What are the important take-aways for India from the G20?
As I said, G20 is at the international level an essay in persuasion about good practices. The Leaders’ Declaration and the Action Programme reflect our concerns that the world economy is not in good shape, that all countries who have influence in global affairs must work together to revive the growth process. In particular, we have been arguing at Los Cabos that infrastructure development is a commodity which can contribute to revival of growth as well as acceleration of the development process. And that is reflected in the Action Programme and also in the statements that were made by the President of the World Bank that they are working on a world infrastructure financing facility. If that comes about it will certainly help us greatly.
What kind of role do you see BRICS playing in the world economy and India’s contribution to it as well?
BRICS is an important factor in the world economy because China, Russia, South Africa, Brazil and India together command a significant proportion of the GDP and trade of the world, and therefore, whatever happens inside or to the development process in these countries has an influence all over the world.

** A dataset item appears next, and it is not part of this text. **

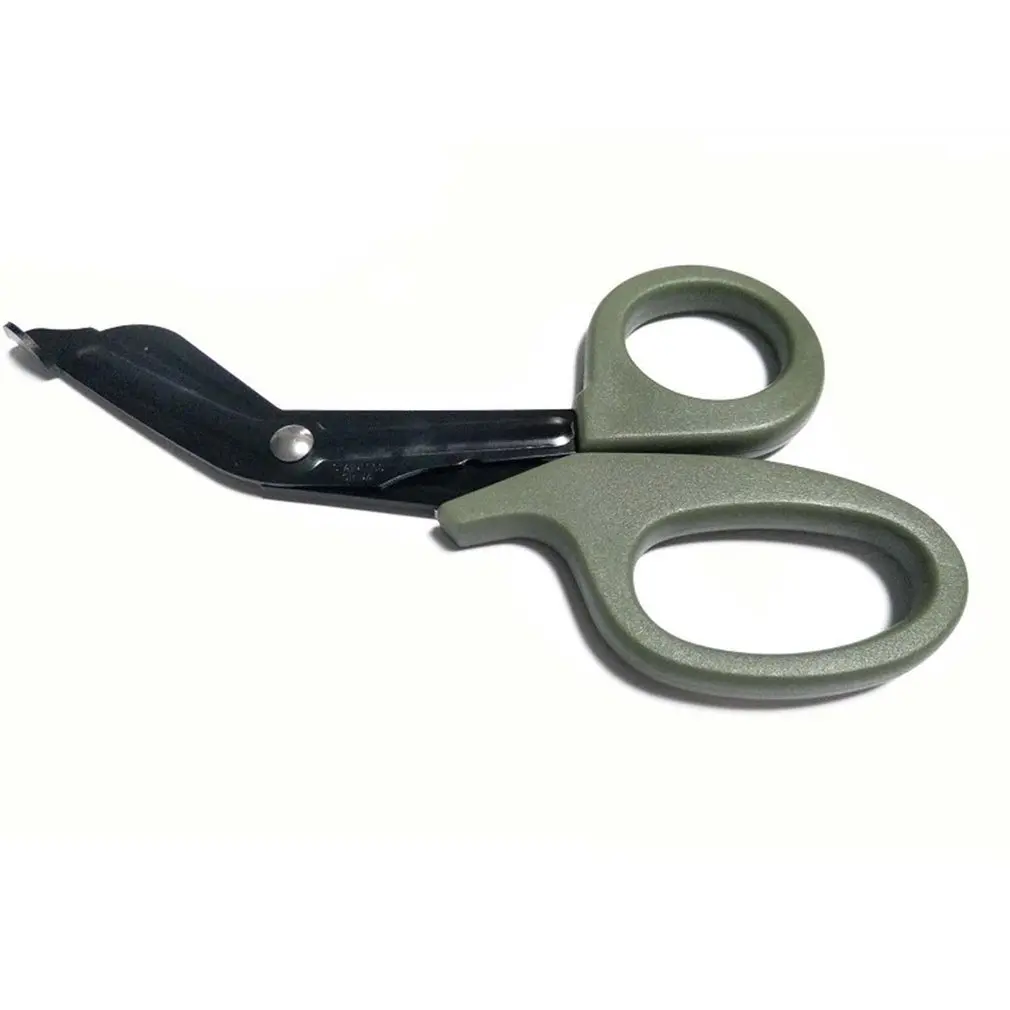 

EMT Tactical Multi-function Stainless Steel Rescue Bandage Scissor with Saw Tooth for Emergency First Aid Shears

I mentioned that as concrete acts the BRICS countries have agreed to a 100 billion dollar currency reserve arrangement. There is also an agreement to start a BRICS bank with 50 billion dollars and the concrete proposal is now being finalized and will be brought before the next Summit of the BRICS.
The Japanese swap enhancement to 50 billion dollars and 100 billion BRICS contingency reserve fund, do you think together these two will have a calming effect on the markets of Indian currency and what should be done domestically to take care of current account deficit?

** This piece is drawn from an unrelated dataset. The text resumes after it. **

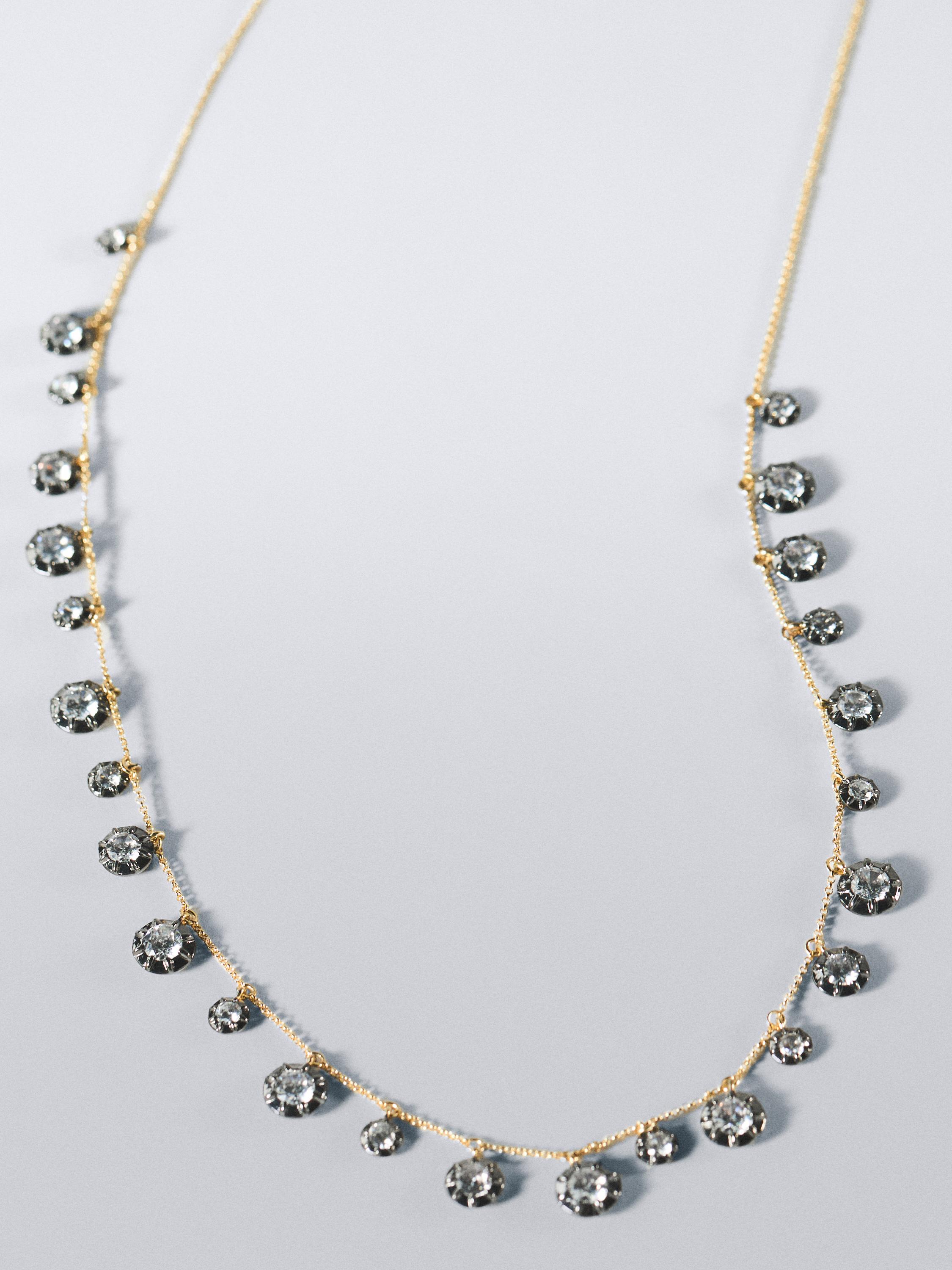 Collar antique brillos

On the margins, certainly, what we have agreed with Japan will help, but ultimately, we have to get the fundamentals of our economy in robust health. The last week, Parliament has passed some important legislation, economic legislation. That will also help to revive confidence and we have to work to ensure that the fiscal deficit does not exceed 4.8% and whatever we can do to contain the current account deficit, will be put in practice.

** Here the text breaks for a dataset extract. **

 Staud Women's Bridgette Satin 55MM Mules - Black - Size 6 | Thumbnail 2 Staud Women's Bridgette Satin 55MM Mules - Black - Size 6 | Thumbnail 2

This is a question on the ‘unconventional monetary policy’ followed by different central banks and how their impact should be tackled. The final declaration Clause 14 seems to suggest that Central Banks across the world of advanced economies will continue to be dictated by domestic considerations including price stability? Was your point of view therefore a point that found resonance within the G20? And what can we expect as far as rollback tapering is concerned?
There was widespread appreciation of the point that I made about the unintended consequences of unorthodox monetary policies being pursued by countries like the United States and the Euro Zone. But, I also pointed out in my own speech that I don’t see immediate concrete action because Central Banks are the creation of their domestic legislations, some value their independence, some also have a limited mandate. But overall there was general appreciation that when it comes to consultations on global economic policies, macro-economic policies, for example, in the mutual development process, the countries should be discussing how monetary policies are being shaped, what are the concerns and how we can soften the impact on other countries. So I would say that as a general idea, there was widespread appreciation and in fact most developing countries’ leaders made the same point that I made and I expect that as an essay in persuasion it was a good idea and good ideas are scarce in the world. I do believe sooner or later it will catch attention.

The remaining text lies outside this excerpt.